To begin the 2018-19 season, the Washington Wizards had aspirations of winning 50 games and making the Eastern Conference Finals. Instead, they underachieved from the very beginning and John Wall ruptured his left Achilles tendon leading to a roster breakdown to get under the luxury tax.
That alone, saving Ted Leonsis money, might have been enough to give Ernie Grunfeld another season on the job. Should the Wizards somehow make the playoffs, that will almost certainly mean the gang returns to run it back next season. Washington tore down the core, but are still trying to limp into the playoffs. If that is not NBA purgatory, I am not sure what is and they have failed to commit to an organizational direction.
Long-term the Wizards are best off accepting they are not competitive for anything this season and committing to the draft lottery where they currently hold the seventh best odds of drafting Zion Williamson with the first overall pick. More likely than not, they have a top ten pick for the first time since selecting Otto Porter Jr. in 2013. That is better than getting swept in the first round of the playoffs and only having the No. 15 pick. Despite their efforts to do the latter, Washington is unlikely to make the postseason as they continue to lose pivotal games. On Friday night, the home team dropped a matchup with the Charlotte Hornets as well as the season-series.
After being tied at 11 to open the game, the Wizards were down 21 after a 36-15 run by early in the second quarter. In typical Washington fashion, they fought back to cut the deficit to five only to see it swell up again to 21 early in the third quarter. History would repeat itself as the Wizards were within six with 4:28 to play, but they blew chances to complete the comeback. The Wizards wasted Bradley Beal’s second 40-point performance against the Hornets, much like they have squandered his All-NBA caliber season. Beal was probably so disgusted by all of the losing that he skipped out of the locker room before talking to the media, which he has pulled a handful of times this season.
“We were running in mud offensively,” head coach Scott Brooks said about the two-touchdown deficit after one quarter. “We turned the ball over, I think, 14 times in that first half when we gave them 27 points, and they only scored 26 in that second quarter but we gave them 27 on turnovers. I thought the rest of the game we were fighting. We got down 21 [points]. We fought back and then we got down again 17 or 18 and we fought back, had a chance to make it really interesting with one stop at the last minute. I knew that was going to be the case. Our guys are fighters — they’re going to continue to fight and things didn’t go well. It would have been a great comeback win because we didn’t have it in that first half, in the first quarter offensively, and our turnovers gave them a lot of easy points out of those 40 points. I give them credit. They got the steals and they got the turnovers and they got to the paint and they scored a bunch of points in the paint.”

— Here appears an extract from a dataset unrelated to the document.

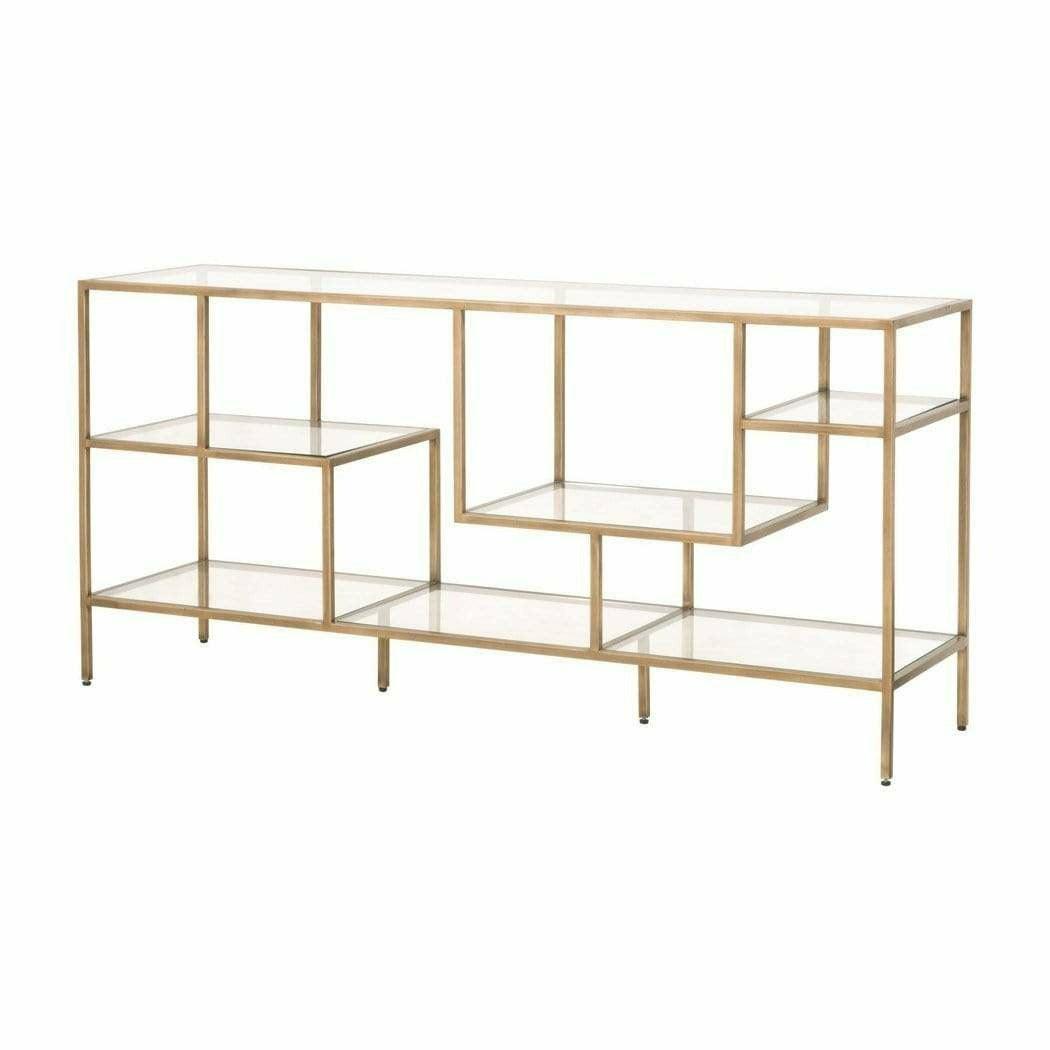 Clear Glass Gold Brass Frame Low and Wide Etagere Etageres Sideboards and Things By Essentials For Living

“It’s tough. We put ourselves in the hole but we kept fighting. We got ourselves in a good position but we didn’t make plays at the end of the game tonight,” Jeff Green reiterated his coach.
Following much complaining about the lack of and inconsistent effort from Washington at times during Brooks’ tenure and specifically this season, the head coach has changed his tune to throw a parade about how his team continues to fight. Whether it be during the game or the course of the season through the multiple injuries, Brooks has raved about how this team will not give up. If such a pattern continues, Washington will maintain their high draft pick, which is what fans want especially if it means the ousting of Grunfeld, without proving Leonsis to be a fool when he declared his team will never tank. What the Wizards have to hope is that fighting without victories will not sour Beal’s mood on the franchise.